Om dezelfde reden wordt de vordering tot betaling van € 10.830,04 en € 14.760,05 afgewezen. [eiser] heeft ter onderbouwing van deze forse kostenposten verwezen naar een offerte van een aannemer, maar uit de processtukken en inventarisatielijst producties van [eiser] kan niet worden opgemaakt over welke offerte hij het heeft. Tijdens de mondelinge behandeling hebben [eiser] en zijn advocaat evenmin de vindplaats van de offerte kunnen benoemen.
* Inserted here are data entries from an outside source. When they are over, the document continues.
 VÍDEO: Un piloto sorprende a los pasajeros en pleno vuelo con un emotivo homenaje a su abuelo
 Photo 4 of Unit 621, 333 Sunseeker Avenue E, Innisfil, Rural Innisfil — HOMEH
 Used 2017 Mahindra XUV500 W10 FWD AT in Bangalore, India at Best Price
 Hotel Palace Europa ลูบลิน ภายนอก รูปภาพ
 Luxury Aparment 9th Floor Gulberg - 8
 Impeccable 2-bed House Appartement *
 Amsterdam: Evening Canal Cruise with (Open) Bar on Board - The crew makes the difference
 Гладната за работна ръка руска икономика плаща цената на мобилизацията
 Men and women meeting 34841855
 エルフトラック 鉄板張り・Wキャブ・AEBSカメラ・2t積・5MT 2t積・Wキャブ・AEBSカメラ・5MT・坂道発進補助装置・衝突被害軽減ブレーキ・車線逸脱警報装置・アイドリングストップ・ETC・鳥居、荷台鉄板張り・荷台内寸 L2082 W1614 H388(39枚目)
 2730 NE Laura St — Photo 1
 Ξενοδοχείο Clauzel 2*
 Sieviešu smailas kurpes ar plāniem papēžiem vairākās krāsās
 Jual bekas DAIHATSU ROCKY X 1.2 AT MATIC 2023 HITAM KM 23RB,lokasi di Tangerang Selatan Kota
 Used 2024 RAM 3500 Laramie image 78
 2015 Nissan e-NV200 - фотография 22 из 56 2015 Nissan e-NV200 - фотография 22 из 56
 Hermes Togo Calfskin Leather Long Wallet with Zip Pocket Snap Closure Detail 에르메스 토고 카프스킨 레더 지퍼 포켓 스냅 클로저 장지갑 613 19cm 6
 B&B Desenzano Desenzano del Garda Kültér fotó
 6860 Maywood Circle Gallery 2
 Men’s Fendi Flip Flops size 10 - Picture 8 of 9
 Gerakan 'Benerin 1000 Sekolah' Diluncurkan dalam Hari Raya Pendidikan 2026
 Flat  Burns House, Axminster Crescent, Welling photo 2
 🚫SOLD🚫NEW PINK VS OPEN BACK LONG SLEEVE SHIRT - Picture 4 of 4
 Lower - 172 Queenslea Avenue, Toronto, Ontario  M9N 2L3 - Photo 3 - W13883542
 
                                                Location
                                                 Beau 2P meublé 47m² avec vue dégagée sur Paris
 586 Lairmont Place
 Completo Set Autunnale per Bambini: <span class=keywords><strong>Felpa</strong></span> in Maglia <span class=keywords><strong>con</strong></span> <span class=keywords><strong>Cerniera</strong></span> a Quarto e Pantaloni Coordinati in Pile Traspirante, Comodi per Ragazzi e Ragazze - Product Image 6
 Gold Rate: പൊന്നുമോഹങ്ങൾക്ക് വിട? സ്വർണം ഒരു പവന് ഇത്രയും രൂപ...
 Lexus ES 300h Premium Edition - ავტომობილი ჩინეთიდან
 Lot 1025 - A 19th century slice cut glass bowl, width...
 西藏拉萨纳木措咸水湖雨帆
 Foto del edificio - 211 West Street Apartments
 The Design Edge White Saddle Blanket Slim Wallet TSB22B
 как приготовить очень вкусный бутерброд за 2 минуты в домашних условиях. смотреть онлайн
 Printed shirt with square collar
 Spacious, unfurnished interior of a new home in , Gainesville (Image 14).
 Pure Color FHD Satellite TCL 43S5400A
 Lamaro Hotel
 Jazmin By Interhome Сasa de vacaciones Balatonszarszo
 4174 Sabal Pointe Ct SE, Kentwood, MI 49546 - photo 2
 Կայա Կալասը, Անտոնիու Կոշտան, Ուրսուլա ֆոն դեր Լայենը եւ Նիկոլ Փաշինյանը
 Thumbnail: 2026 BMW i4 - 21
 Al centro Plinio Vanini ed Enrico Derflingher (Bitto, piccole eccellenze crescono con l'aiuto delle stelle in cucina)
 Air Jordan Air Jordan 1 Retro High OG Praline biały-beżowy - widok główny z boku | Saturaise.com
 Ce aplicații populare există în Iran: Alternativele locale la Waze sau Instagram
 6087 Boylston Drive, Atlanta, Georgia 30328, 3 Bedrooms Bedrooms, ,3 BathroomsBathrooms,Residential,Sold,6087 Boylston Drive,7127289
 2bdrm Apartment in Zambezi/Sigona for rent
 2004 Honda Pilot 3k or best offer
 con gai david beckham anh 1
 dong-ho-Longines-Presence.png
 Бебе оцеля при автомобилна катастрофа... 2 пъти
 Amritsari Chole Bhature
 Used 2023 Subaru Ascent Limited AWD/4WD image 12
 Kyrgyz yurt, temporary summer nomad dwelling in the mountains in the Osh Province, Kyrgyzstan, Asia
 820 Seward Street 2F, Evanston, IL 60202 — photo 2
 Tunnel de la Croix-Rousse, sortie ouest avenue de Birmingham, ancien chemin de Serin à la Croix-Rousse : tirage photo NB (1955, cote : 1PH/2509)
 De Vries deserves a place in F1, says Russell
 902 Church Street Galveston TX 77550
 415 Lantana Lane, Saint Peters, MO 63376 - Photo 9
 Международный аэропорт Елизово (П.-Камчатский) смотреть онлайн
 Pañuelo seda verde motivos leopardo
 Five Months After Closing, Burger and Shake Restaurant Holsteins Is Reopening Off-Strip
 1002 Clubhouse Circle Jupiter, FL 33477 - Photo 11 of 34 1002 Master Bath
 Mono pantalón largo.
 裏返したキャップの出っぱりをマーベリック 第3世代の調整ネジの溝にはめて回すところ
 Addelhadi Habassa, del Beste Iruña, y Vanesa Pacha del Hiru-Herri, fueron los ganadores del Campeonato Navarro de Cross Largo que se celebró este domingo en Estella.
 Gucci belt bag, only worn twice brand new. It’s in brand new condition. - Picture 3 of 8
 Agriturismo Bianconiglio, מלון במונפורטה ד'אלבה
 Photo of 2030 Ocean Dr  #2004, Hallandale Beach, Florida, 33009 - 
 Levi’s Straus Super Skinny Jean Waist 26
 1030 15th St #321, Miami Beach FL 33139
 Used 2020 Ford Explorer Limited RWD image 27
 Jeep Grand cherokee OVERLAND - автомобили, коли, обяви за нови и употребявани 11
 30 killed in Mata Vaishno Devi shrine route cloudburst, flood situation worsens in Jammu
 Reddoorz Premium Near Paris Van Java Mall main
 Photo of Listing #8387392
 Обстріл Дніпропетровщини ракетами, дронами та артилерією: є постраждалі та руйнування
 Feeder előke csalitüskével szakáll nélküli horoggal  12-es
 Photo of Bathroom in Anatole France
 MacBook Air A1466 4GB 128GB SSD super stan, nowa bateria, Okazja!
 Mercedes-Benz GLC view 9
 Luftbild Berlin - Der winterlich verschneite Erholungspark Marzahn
De enige concrete informatie is te vinden in producties 34 en 35 van de wederpartij van [eiser] . De bedragen die daaruit blijken verschillen echter van de vordering van [eiser] . Zo rekent de offerte van [onderneming] BV met een totaalbedrag van € 5.203 voor het ‘vervangen van dakbedekking’. De vordering van [eiser] is daarom onvoldoende specifiek: niet blijkt welke werkzaamheden uitgevoerd moeten worden, welke kosten dat met zich brengt en waarom alle kosten voor rekening van [gedaagde] komen gelet op de contractuele afspraken over klein/groot onderhoud en over het delen van de kosten voor het dak keuken en badkamer. Belangrijker nog is dat [eiser] niet heeft gesteld dat de werkzaamheden (door de aannemer) zijn uitgevoerd en er ook daadwerkelijk kosten zijn gemaakt. Ook op dit punt heeft [eiser] dus geen (tegen)vordering op [gedaagde] .
4.21.
De slotsom is dat alle vorderingen van [eiser] worden afgewezen.
In reconventie
4.22.
[gedaagde] vordert € 23.198 aan achterstallige (gebruiks)vergoedingen en € 1.223 aan wettelijke rente over het niet betaalde deel van de waarborgsom. In productie 37 heeft [gedaagde] zijn vordering van € 23.198 als volgt gespecificeerd:
4.23.
[eiser] weerspreekt dat hij deze bedragen (nog) verschuldigd is. Daartoe voert hij aan dat als de koopovereenkomst rechtsgeldig is ontbonden, daarmee ook de rechtsgrond voor de verschuldigdheid van de vergoedingen is komen te vervallen. Ook stelt [eiser] dat hij het verschuldigde bedrag mag verrekenen met zijn tegenvordering op [gedaagde] en beroept hij zich op huurbescherming. Tot slot voert [eiser] per post nog een aantal verweren. Hierna wordt eerst ingegaan op de stellingen van [eiser] die voor alle posten opgaan. Daarna wordt per post een oordeel gegeven.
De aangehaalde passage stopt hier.